My art is an expression of the inner child who lives within me. The one who has been squashed, crapped on, booed, chided, beaten down, put down, insulted, and abused over the course of my life. All those words are being brushed aside because of TAW and what I’ve learned by reading the book, writing my morning pages every single day since I started them, and doing the chapter tasks.
Not Just For Writers
I told my daughter Haley the other night that she should start working in her own book. That it would change her life. Then she threw more wood on the fire of the past saying “I don’t want to be an artist. You’re always broke.” Ouch.
I’ve had a hard eight years of life and no, I’m not making as much money these days as I used to. But more importantly, emotionally and mentally, I’m the happiest I’ve ever been in my life. I’d trade that for lots of money and the problems that come with them any day of the week. Would it have been nice to have more disposable income? Without a doubt. My life would be even more drastically different had that been the case. But God has also used this opportunity to teach me much about life that I was missing.

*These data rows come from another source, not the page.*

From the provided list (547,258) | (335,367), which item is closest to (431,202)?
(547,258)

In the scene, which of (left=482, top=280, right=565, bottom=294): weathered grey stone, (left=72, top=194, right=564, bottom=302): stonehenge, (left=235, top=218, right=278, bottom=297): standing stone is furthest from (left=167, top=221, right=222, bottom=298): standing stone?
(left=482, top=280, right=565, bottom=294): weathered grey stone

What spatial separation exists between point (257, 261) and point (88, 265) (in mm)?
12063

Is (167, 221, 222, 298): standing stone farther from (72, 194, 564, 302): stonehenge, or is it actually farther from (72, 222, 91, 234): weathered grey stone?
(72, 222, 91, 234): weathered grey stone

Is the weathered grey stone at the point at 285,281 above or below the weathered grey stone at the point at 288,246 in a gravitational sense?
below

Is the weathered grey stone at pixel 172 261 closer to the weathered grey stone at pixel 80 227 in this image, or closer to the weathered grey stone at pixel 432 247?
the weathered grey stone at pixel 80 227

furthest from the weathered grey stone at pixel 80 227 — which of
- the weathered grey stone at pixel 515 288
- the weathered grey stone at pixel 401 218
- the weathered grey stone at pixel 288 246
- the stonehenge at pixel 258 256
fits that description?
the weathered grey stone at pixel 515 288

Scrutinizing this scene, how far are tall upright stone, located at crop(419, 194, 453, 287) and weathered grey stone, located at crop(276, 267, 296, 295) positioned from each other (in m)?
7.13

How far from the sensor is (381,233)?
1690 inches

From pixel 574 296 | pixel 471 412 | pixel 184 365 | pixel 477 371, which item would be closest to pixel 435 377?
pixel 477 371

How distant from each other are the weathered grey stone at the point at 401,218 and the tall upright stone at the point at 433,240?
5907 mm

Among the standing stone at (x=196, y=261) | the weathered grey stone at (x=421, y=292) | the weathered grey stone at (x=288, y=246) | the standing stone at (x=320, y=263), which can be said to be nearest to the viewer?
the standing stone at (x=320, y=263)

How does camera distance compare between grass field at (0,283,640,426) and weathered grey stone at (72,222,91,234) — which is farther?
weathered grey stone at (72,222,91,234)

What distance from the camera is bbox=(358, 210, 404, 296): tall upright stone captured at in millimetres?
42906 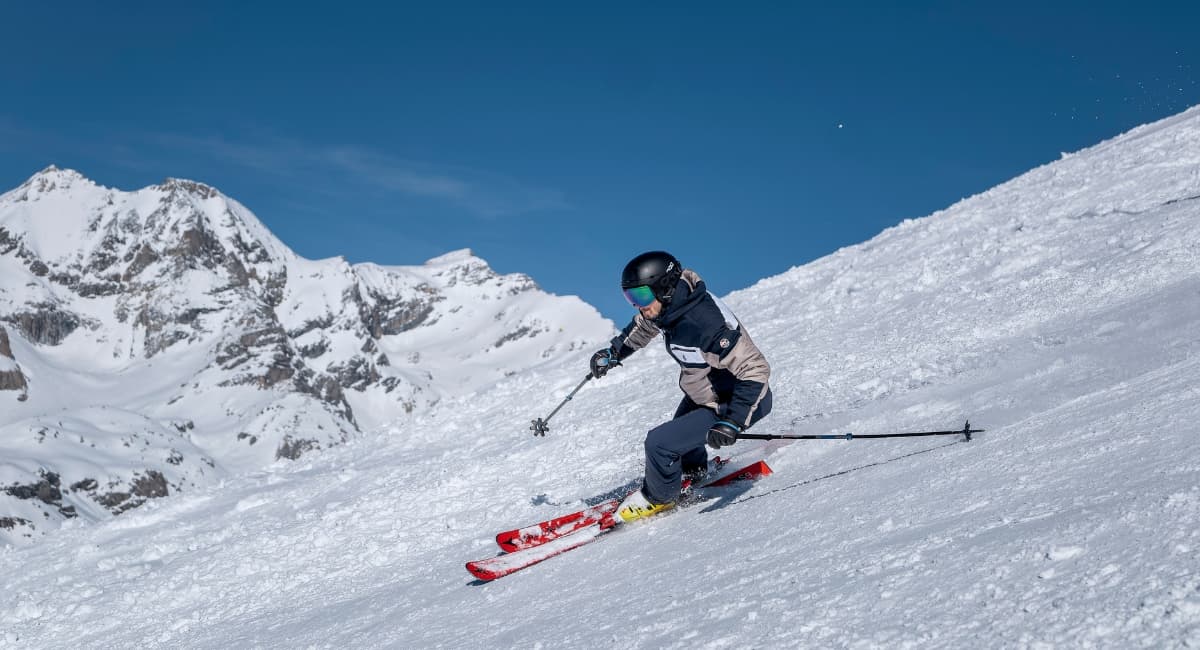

I’ve never been much for material things. I want a reliable car, a roof over my head, my Macs, Canon camera equipment, and oil paints and canvases, a comfortable bed to sleep in, health care, healthy food to eat, and enough furniture to be able to sit in a chair and watch TV on rare occasions. The car is somewhat on the fritz right now, which is troubling, and income is shallow. But I have most of those other things and they’re helping me in my experience with life. They are helping me write my book. Two weeks ago I made my first short film on Zelda Fitzgerald. And because I’ve made changes in my food lifestyle, weight is falling off my body. My back injury the past year has hurt me in many ways and held me back. That issue is being addressed through legal channels.
What is most important to me though is how close I’ve grown to God and seen that God, as the great creator, created me, you and the world around me. He made the world in seven days according to the Bible, but he didn’t just stop creating then. He still does it today. And in me, he has given the ability to create new stories, new films, new colors, new paintings, new building designs, new whatever he and I can pair up together to dream.
That’s the satisfaction I have from 11 weeks of reading and working in The Artist’s Way. One does not have to be a writer, or a self-declared artist to gain something from this book, but I will almost bet anyone who follows it methodically, working one chapter a week and then doing all the exercises, writing the morning pages, and doing the weekly artists days will find such a dramatic change in their lives, they’ll never regret having invested the time.
My favorite shot in the short film, “Zelda, Almost Home.” The tunnel leads to Riverfront Park in Montgomery, Alabama.
A short film about Zelda Sayre Fitzgerald and a ghostly return home.
The premise for the short film Zelda, Almost Home is quite simple: Zelda Sayre Fitzgerald, born in Montgomery, Alabama in 1900, lived a wild and tumultuous life with the author of The Great Gatsby, F. Scott Fitzgerald, whom she met in 1918. What if she returns still as a ghost?
The inspiration to shoot Zelda, Almost Home came from watching Vincent Laforet’s Reverie on YouTube. You’ll also notice there’s a hat tip to Damien Chazelle and his film La La Land— Zelda walks in front of a mural. Simon Cade from DSLR Guide has been a big influence and coach as well. (This is my first short film. I’m 51 years old.)
Come to find out, there are ample stories around Montgomery already to suggest the premise for this film is dead on. The halls of Baldwin Middle School are full of stories alleging apparitions of Zelda. As I talked with F. Scott and Zelda Fitzgerald Museum Executive Director Sara Powell last Friday, had two more accounts, recent ones, as the museum prepares to open upstairs rooms as a bed and breakfast.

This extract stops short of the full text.